Après analyse minutieuse de la question ce dimanche 09 juin 2019, l’UDPS/Tshisekedi constate et déclare ce qui suit : » La motion soulevée par le député national Mondole est une véritable œuvre diabolique conçue par la machine de l’ancien régime qui rêve et multiplie des stratégies visant à anéantir l’élan de changement intervenu au pays et porté par l’UDPS Tshisekedi et son autorité morale, Félix-Antoine Tshisekedi Tshilombo pour le bien-être du peuple congolais ».
Cette motion initiée dans la nuit de jeudi 6 juin 2019 par les ténors du FCC, soutient l’Udps, viole à plusieurs égards et à dessein, les dispositions de la Constitution congolaise et celle du Règlement intérieur de l’Assemblée nationale.

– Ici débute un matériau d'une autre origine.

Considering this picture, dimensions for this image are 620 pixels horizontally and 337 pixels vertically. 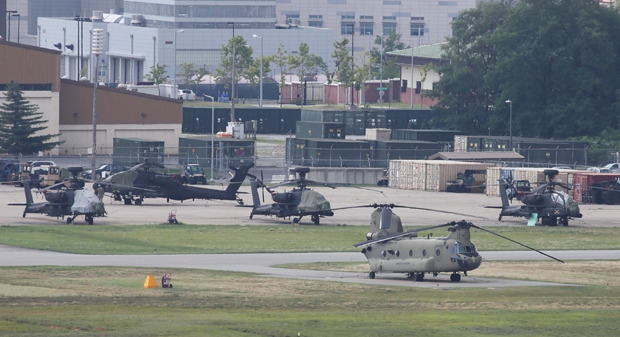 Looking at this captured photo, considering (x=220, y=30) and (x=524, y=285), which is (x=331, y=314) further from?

En effet, rappelle le parti cher à Félix Antoine Tshisekedi, il ressort de la lecture combinée des articles 77 et 91 de la Constitution, que seul le gouvernement est politiquement responsable devant l’Assemblée nationale. En conséquence, soutient-il, les actes administratifs du président de la République en l’espèce les ordonnances signées par lui échappent au contrôle du parlement et ne peuvent donner lieu aux débats à l’Assemblée nationale, comme en a été le cas le 7 juin dernier au mépris total des dispositions de l’article 23 du Règlement intérieur de l’Assemblée nationale.
Pour l’Udps, à travers les propos désobligeants tenus à l’endroit du chef de l’Etat, la motion de ce député national FCC sous-traité, semblait n’avoir eu pour but que de manipuler l’opinion nationale contre la personne du président de la République.

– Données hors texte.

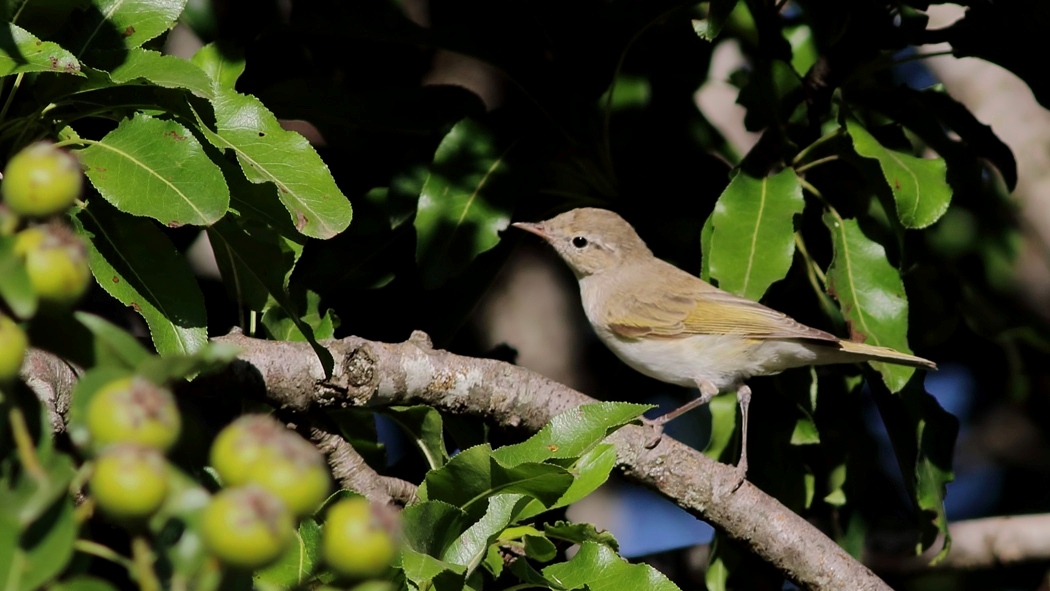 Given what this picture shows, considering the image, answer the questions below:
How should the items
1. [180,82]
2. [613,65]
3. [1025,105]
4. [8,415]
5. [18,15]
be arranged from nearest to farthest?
[8,415], [180,82], [18,15], [613,65], [1025,105]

« Ce qui justifie l’attitude de Jeannine Mabunda, présidente du Bureau de l’Assemblée nationale, membre du FCC, qui a laissé les députés tenir des propos outrageants à l’endroit du président de la République sans pouvoir les rappeler à l’ordre ou interrompre le débat », a laissé entendre le lecteur dudit communiqué, le Secrétaire et chef du Département de la Communication, Simon Adrien Kalenga.

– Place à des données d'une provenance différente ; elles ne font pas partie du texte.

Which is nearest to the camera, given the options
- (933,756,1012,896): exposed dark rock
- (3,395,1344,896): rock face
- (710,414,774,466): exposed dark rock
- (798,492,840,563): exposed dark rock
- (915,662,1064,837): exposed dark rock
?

Par ses attitudes et ses propos, « la présidente du Bureau de l’Assemblée nationale, l’honorable Jeanine Mabunda, juriste de formation, élue députée nationale en 2011, et ministre honoraire censée avoir une expérience avertie en politique, a fait preuve de complicité en permettant, pour des raisons d’intérêts partisans, d’ouvrir le débat sur une matière qui n’est nullement de la compétence de l’Assemblée nationale jusqu’à aller proposer que le ministre en charge du Portefeuille puisse surseoir à l’exécution des actes qu’elle a déjà qualifiés d’irréguliers », a fustigé le parti présidentiel.
L’UDPS/Tshisekedi rappelle à l’opinion tant nationale qu’internationale, que dans une récente interview accordée à RFI, répondant à la question du journaliste, Jeannine Mabunda, élue présidente du Bureau de l’Assemblée nationale, a tenu des propos annonçant la gestion conflictuelle par elle, du quinquennat du Président Félix-Antoine Tshisekedi, en affirmant que par un exercice de contrôle démocratique, celui-ci pourrait être mis en accusation devant les instances judiciaires compétentes.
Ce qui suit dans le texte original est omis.